- Try it -
Transcribe exactly, please, the lines from the one containing "construction Blue construction" through the end of the records below, and leave out the pictures.

[Caption-style text data]
============
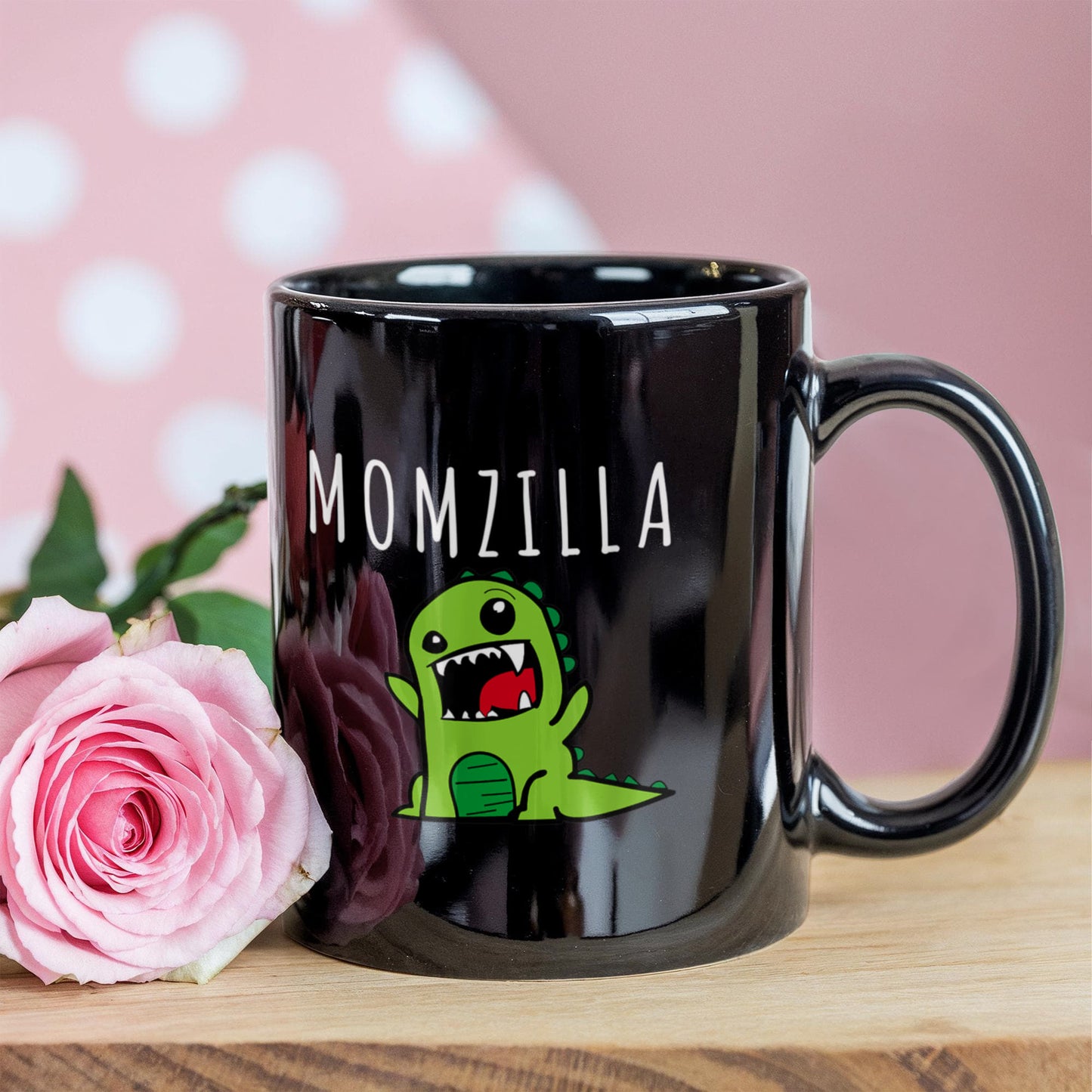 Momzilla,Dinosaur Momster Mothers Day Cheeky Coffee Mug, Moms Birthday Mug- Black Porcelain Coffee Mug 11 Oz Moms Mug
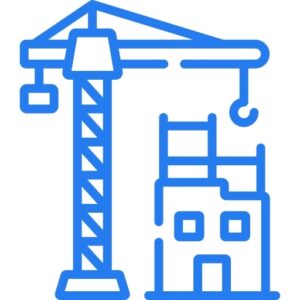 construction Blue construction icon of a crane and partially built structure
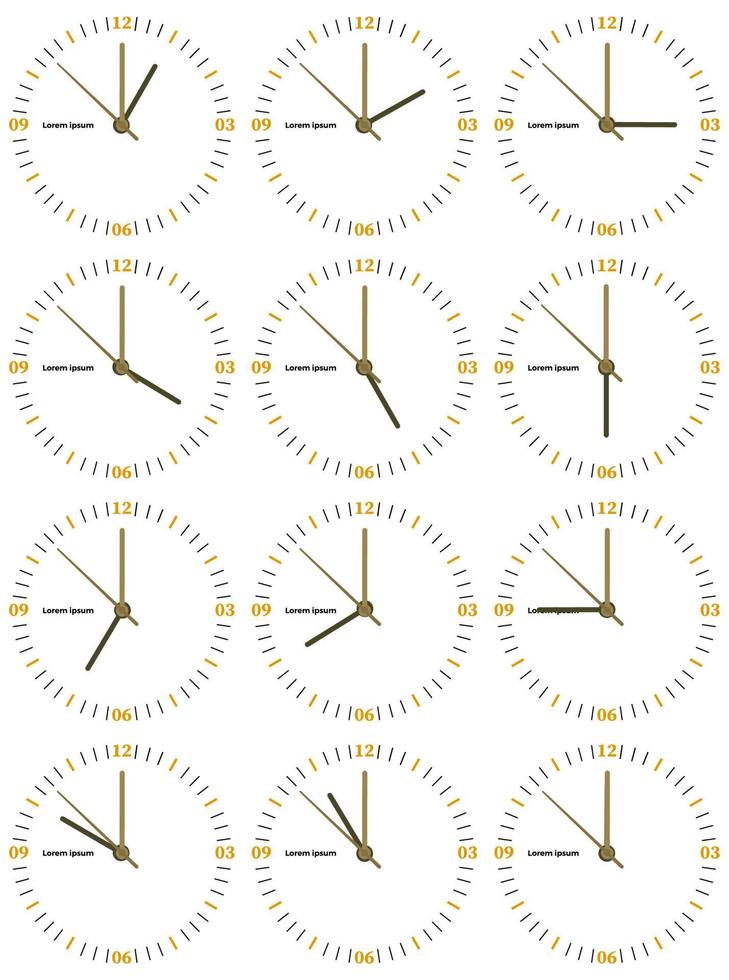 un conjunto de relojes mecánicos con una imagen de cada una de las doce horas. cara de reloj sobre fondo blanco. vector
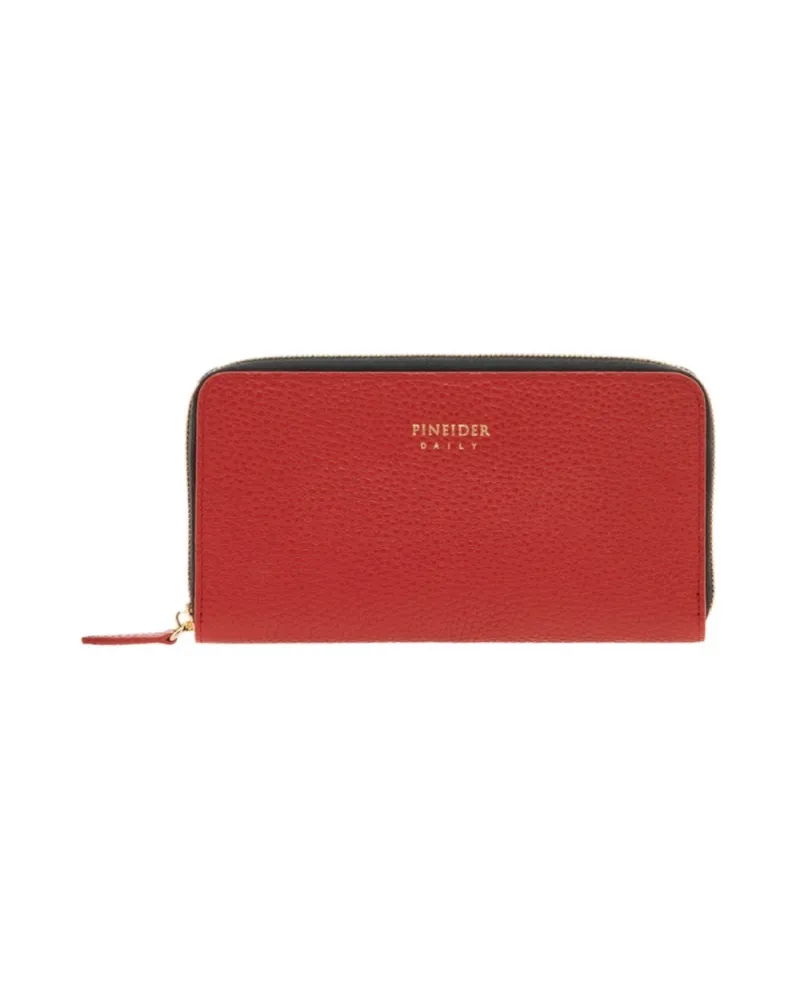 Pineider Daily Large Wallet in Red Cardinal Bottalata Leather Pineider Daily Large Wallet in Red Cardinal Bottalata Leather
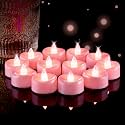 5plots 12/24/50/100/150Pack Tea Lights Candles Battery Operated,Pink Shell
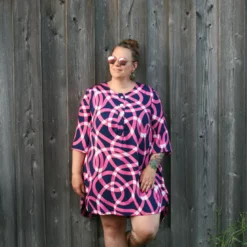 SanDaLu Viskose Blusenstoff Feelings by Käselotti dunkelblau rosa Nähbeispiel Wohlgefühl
============
- Your solution -
 construction Blue construction icon of a crane and partially built structure
 un conjunto de relojes mecánicos con una imagen de cada una de las doce horas. cara de reloj sobre fondo blanco. vector
 Pineider Daily Large Wallet in Red Cardinal Bottalata Leather Pineider Daily Large Wallet in Red Cardinal Bottalata Leather
 5plots 12/24/50/100/150Pack Tea Lights Candles Battery Operated,Pink Shell
 SanDaLu Viskose Blusenstoff Feelings by Käselotti dunkelblau rosa Nähbeispiel Wohlgefühl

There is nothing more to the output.